● **What to work on**
A word-for-word copy of all entries is required, without images.

Short web captions:
━━━━━━━━━━━━━━━━━━━━
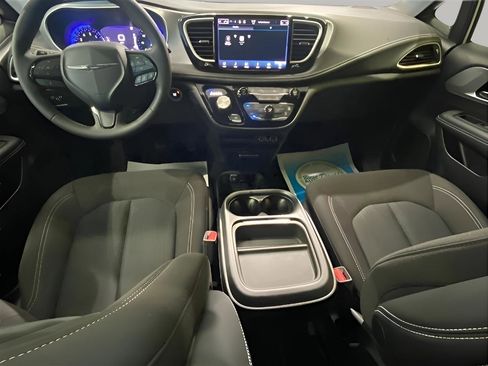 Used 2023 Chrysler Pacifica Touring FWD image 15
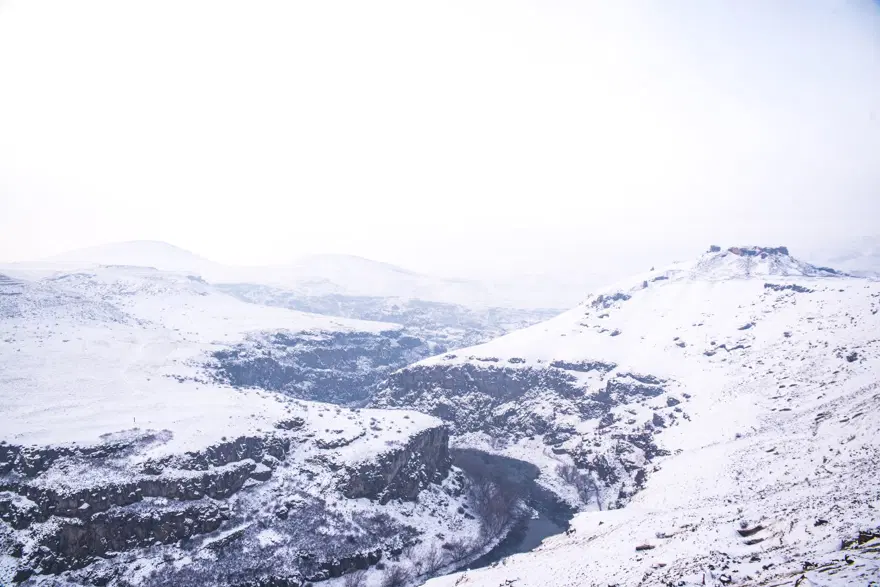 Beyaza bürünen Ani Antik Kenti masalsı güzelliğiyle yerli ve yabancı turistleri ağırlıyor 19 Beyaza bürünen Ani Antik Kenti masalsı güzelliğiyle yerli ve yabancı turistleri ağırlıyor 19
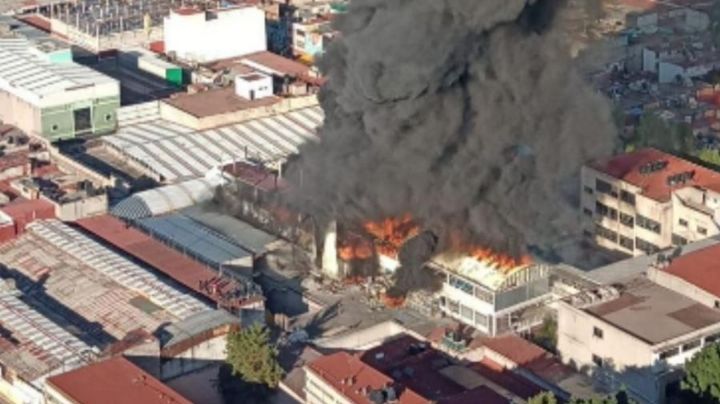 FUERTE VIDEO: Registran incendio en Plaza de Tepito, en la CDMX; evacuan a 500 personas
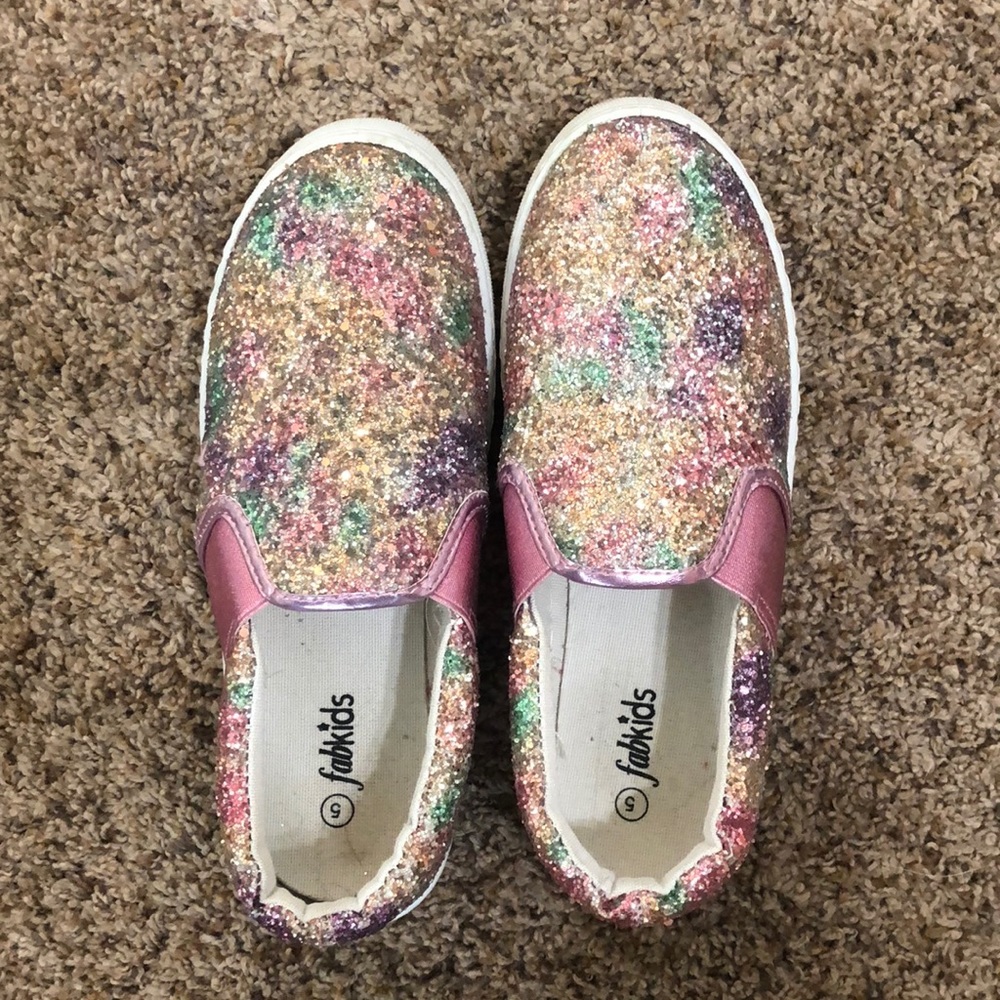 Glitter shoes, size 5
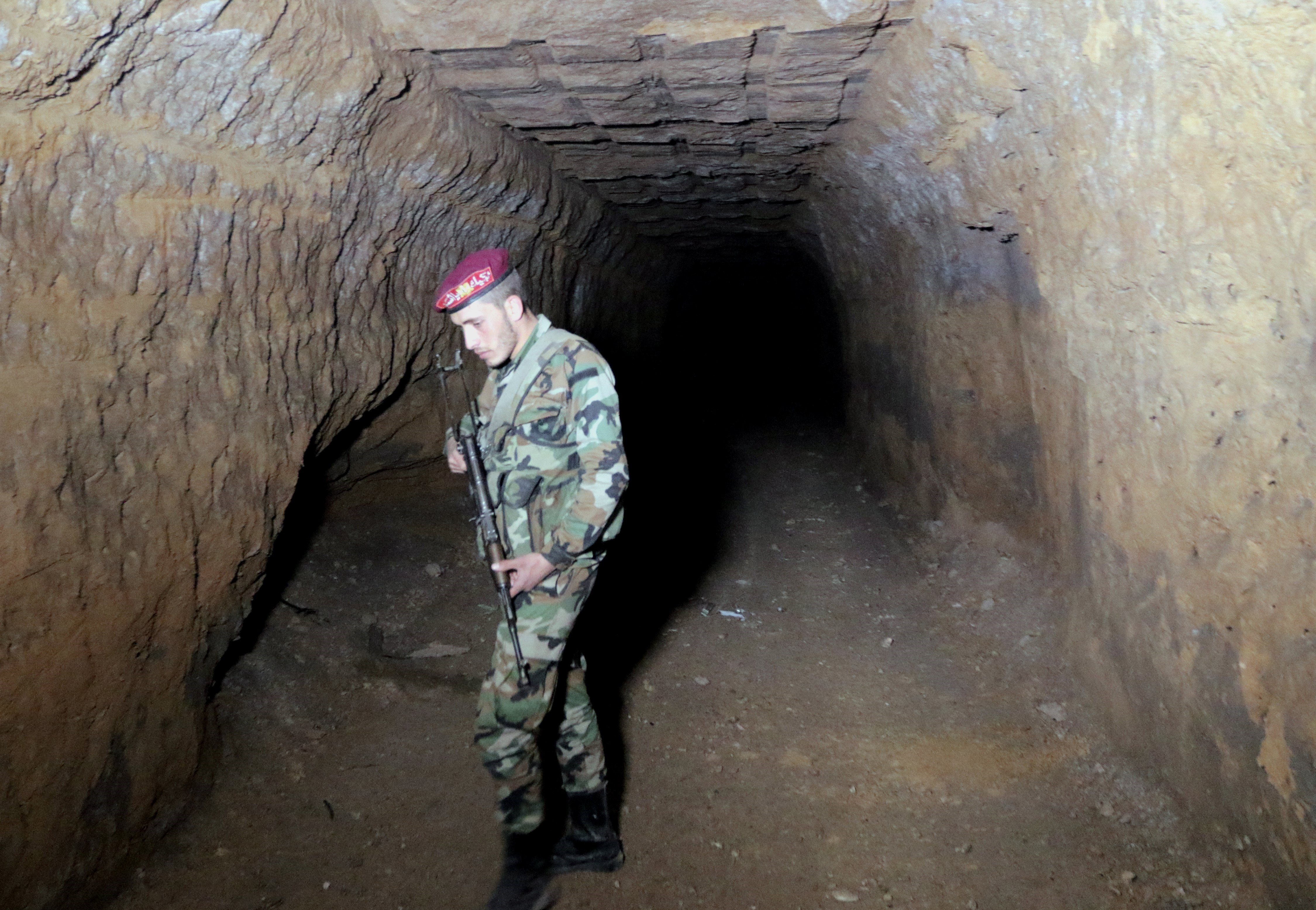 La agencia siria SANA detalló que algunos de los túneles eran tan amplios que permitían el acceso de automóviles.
━━━━━━━━━━━━━━━━━━━━
● **Exercise solution**
 Used 2023 Chrysler Pacifica Touring FWD image 15
 Beyaza bürünen Ani Antik Kenti masalsı güzelliğiyle yerli ve yabancı turistleri ağırlıyor 19 Beyaza bürünen Ani Antik Kenti masalsı güzelliğiyle yerli ve yabancı turistleri ağırlıyor 19
 FUERTE VIDEO: Registran incendio en Plaza de Tepito, en la CDMX; evacuan a 500 personas
 Glitter shoes, size 5
 La agencia siria SANA detalló que algunos de los túneles eran tan amplios que permitían el acceso de automóviles.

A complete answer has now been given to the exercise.